Casteel's debut book of aquatic dog photos, "Underwater Dogs," was released Oct. 23, and is currently the No. 32 overall book in Amazon's sales rankings. It's the No. 1 offering overall in the fields of photography and pets. Customer reviews, unsurprisingly, are glowing.
And it's not just monetary success that has come Casteel's way. He's also had an opportunity to have his work featured in nationally distributed magazines and television news shows, and has accepted new photographic opportunities he never would have known otherwise. Earlier in the year, he was even sent to Alaska by The New York Times Magazine to photograph the annual migration and spawning of sockeye salmon, deep in grizzly country.
"That was super flattering to be asked to be their photographer, and it was an amazing experience," he said. "It was also much different from shooting dogs in a pool. I found that salmon aren't interested in tennis balls, that's for sure. And that water is pretty chilly; I'm told it was down to 37 degrees at times."
Casteel's special skill when it comes to underwater photography was an ability he cultivated pretty much entirely on his own. He took no classes to specifically refine his ability to shoot underwater, but instead took thousands of digital shots until he learned the basics.
"The great thing about shooting in digital photography these days is that you can learn so much, so fast," he said. "When you take tens of thousands of photos, you're going to figure some things out."

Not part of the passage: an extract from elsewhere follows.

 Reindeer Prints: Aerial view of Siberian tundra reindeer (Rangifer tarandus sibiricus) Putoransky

At the arts council, gallery director Sue Powell was very excited to get Casteel's exhibit installed, saying that his work transcends simple "pet photography" with the unique perspectives that he can find in his canine subjects.
"He hit on something unique," Powell said. "The personality of the dogs underwater in particular is much different from what we see on land. It's a unique canine perspective. Some of them are really funny, some are dramatic, and all of the colors are just beautiful."

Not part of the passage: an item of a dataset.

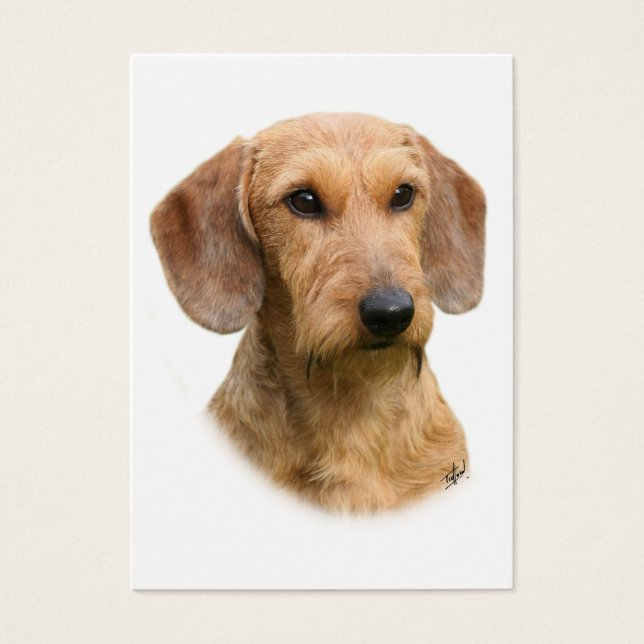 Cartes De Visite Dachshund 9Y426D-207-2 (Devant)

"Dogs" isn't quite the typical exhibition for the arts council, but Powell stresses the quality of the work and the art of getting the perfect photo, as well as the local nature of Casteel as a hometown artist. The opening reception tonight will also be used to give exposure to local animal shelters, another passion of Casteel's.
"The adoption of pets is near and dear to his heart, so local organizations like Homeward Bound and Macon County Animal Shelter will be there to speak about their organizations and have a few pets up for adoption," Powell said. "There will also be a local pet photo contest up on the third floor that Seth will be judging, and the winners will receive some signed copies of his book."
Everything comes back to Casteel's overwhelming fondness for pets. In his dog subjects in particular, there is an almost infinite number of personality perspectives the photographer believes he can convey.
"Joyfulness, focused attention, passion, primal instinct; I could give you so many descriptors," he said. "People have a connection to dogs and appreciate the emotional capacity of dogs. We can't help but react."